> Data for the task
■ ■ ■ ■ ■
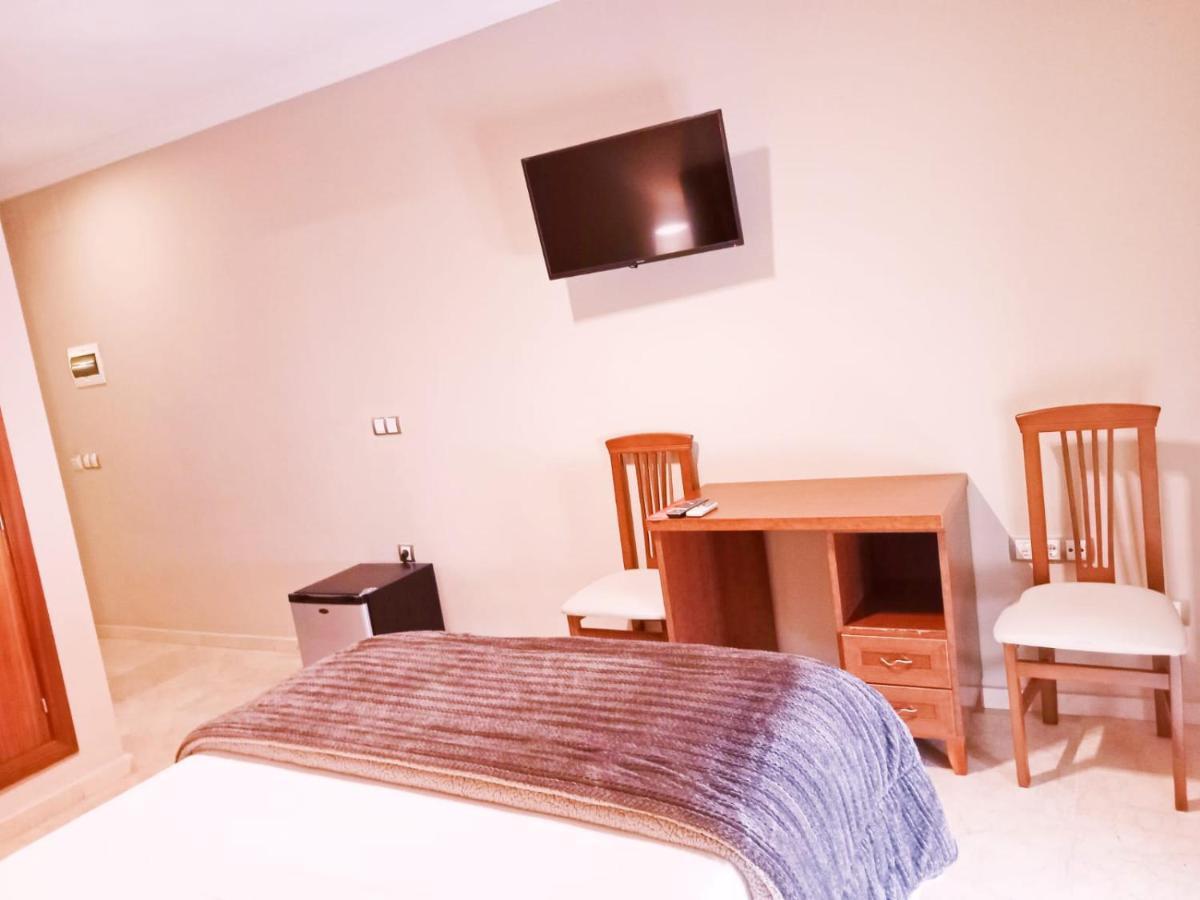 Hotel Sol Sanlucar Sanlucar la Mayor Bagian luar foto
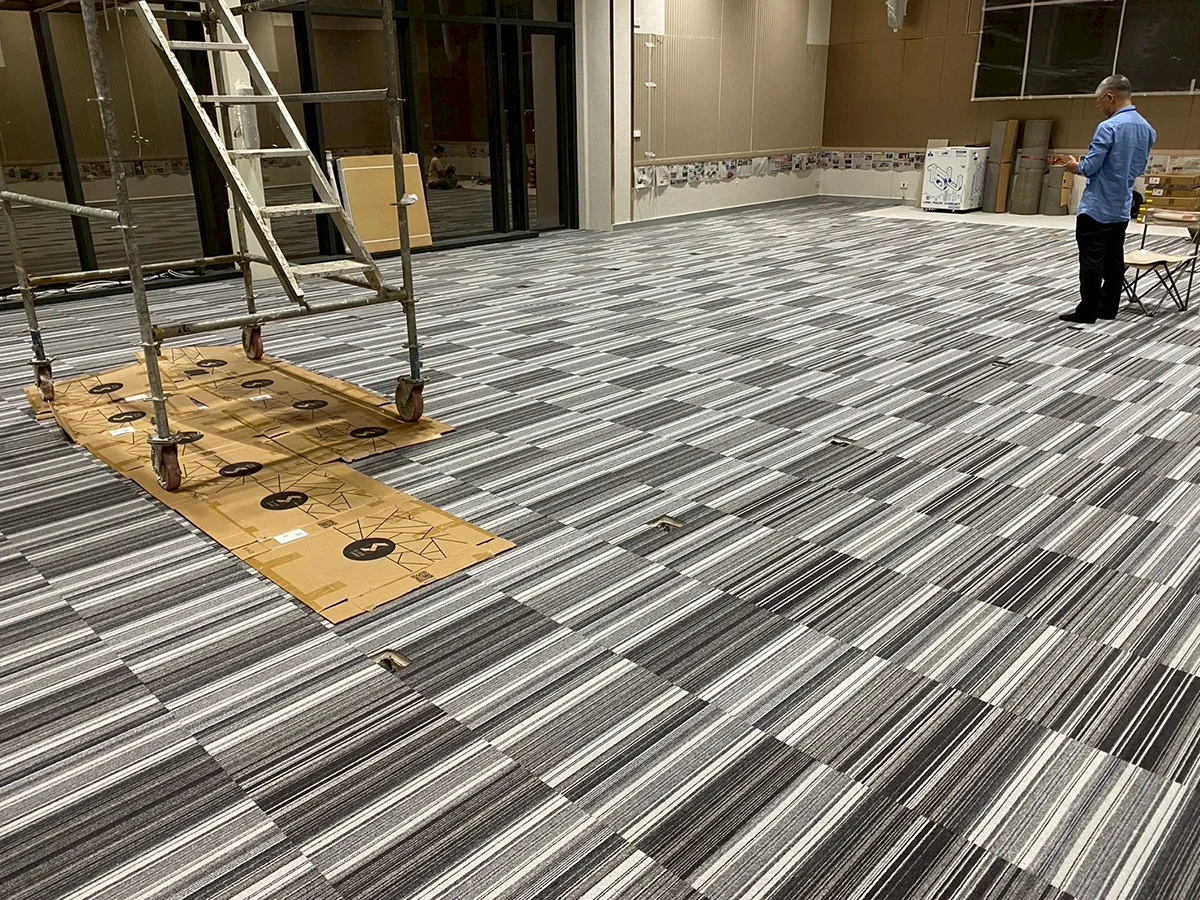การติดตั้งพรมแผ่น (Carpet Tile) วิธีปูที่ถูกต้อง สวย ทน ใช้งานได้นาน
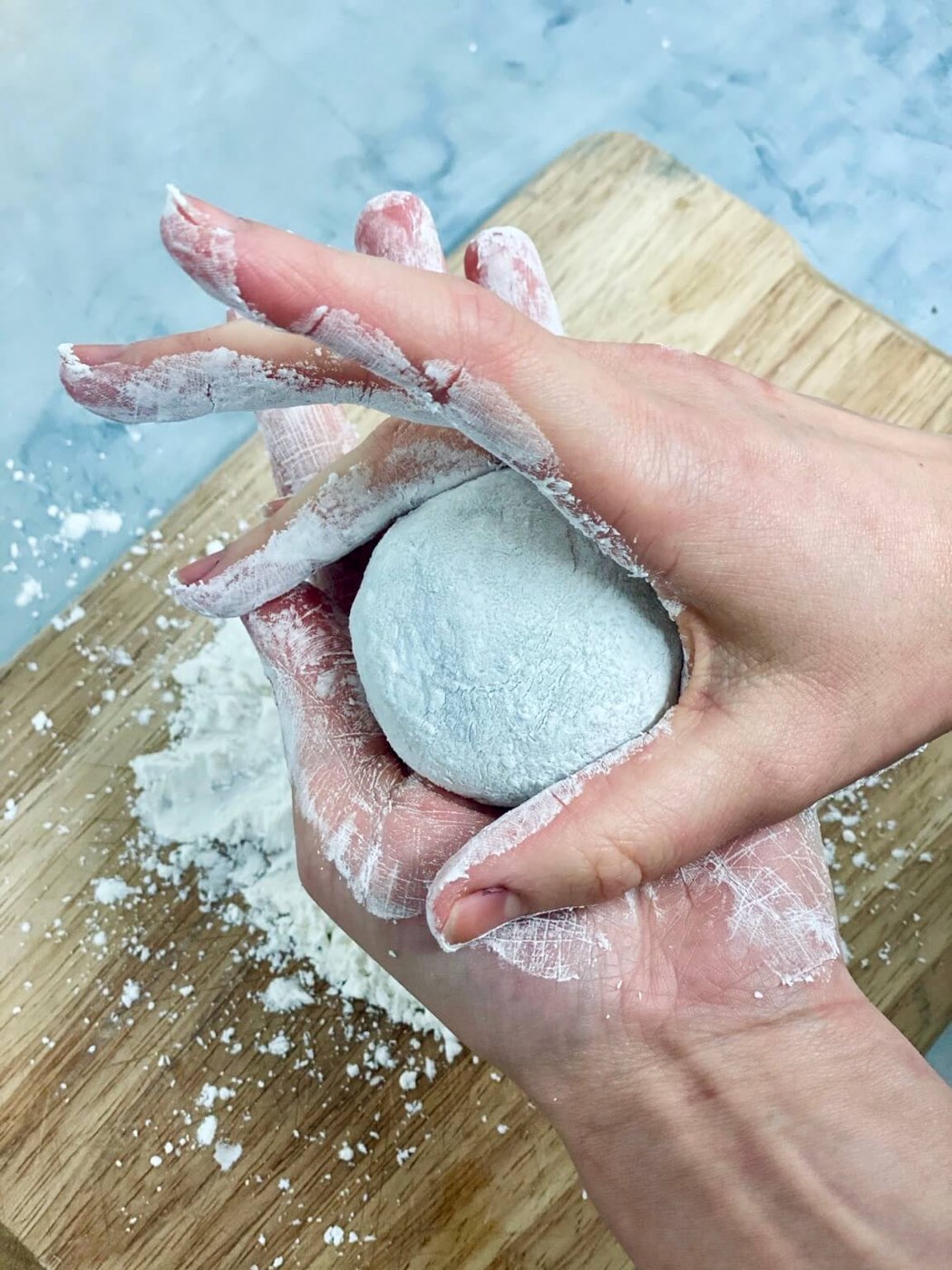 Façonnage d'un mochi à la main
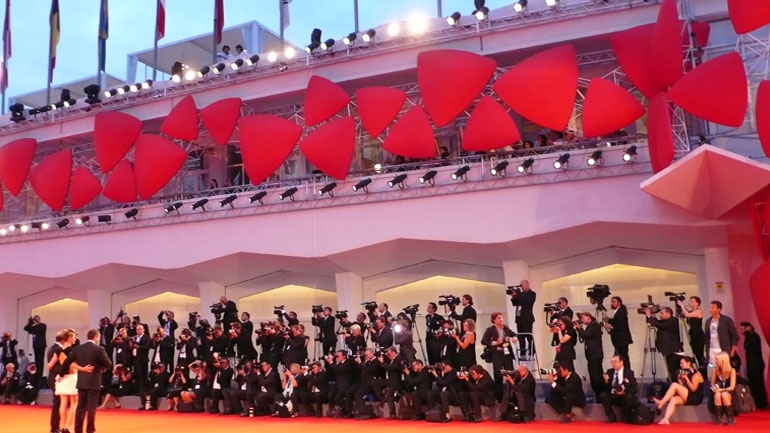 Αυλαία στο Φεστιβάλ της Βενετίας – Παγκόσμια πρεμιέρα για το «The Favourite» του Λάνθιμου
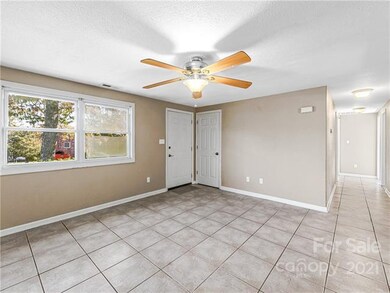 161 Wynnbrook Dr, Hendersonville, NC 28792 - photo 3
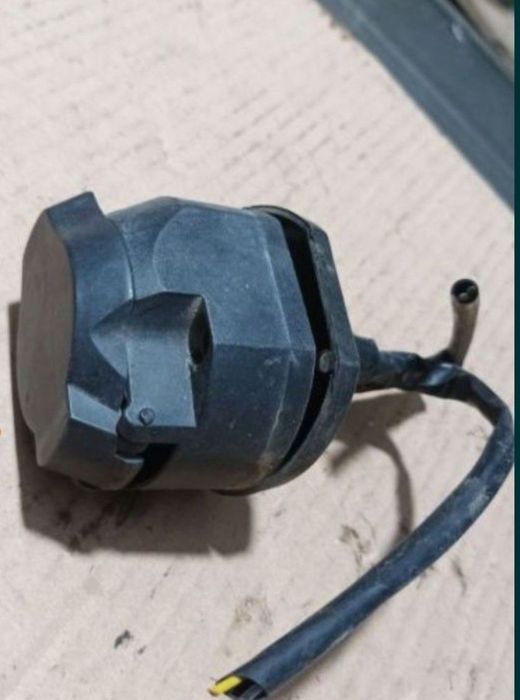 Priză la remorcă,asigur expedierea coletului avantajos la orice destin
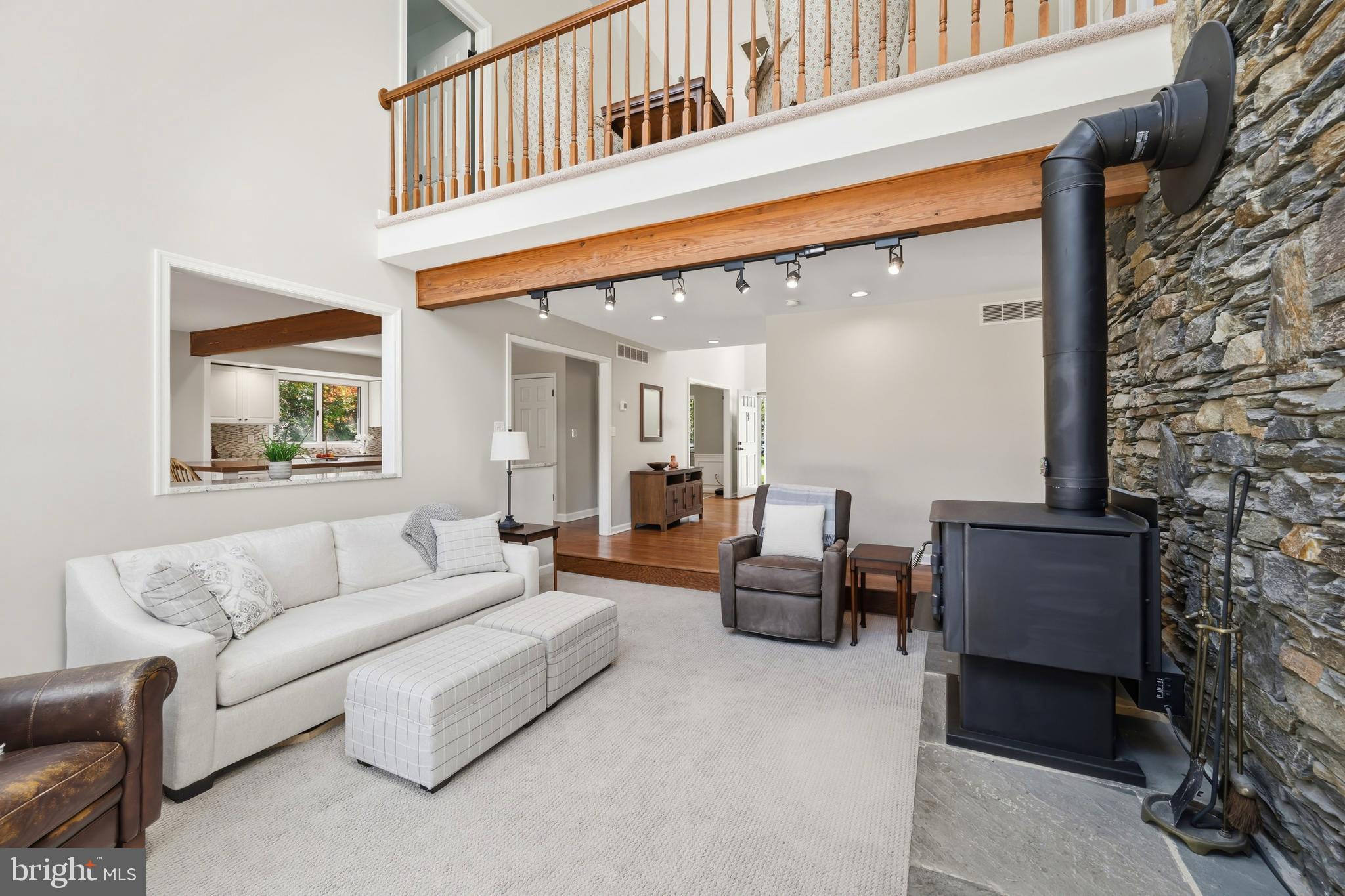 QUEEN ANNE COLONY - Residential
■ ■ ■ ■ ■
> Exercise details
Repeat word for word the lines starting at the one with "161 Wynnbrook Dr, Hendersonville, NC" and ending at the final line of the records above, both included; no pictures.

> Response area
 161 Wynnbrook Dr, Hendersonville, NC 28792 - photo 3
 Priză la remorcă,asigur expedierea coletului avantajos la orice destin
 QUEEN ANNE COLONY - Residential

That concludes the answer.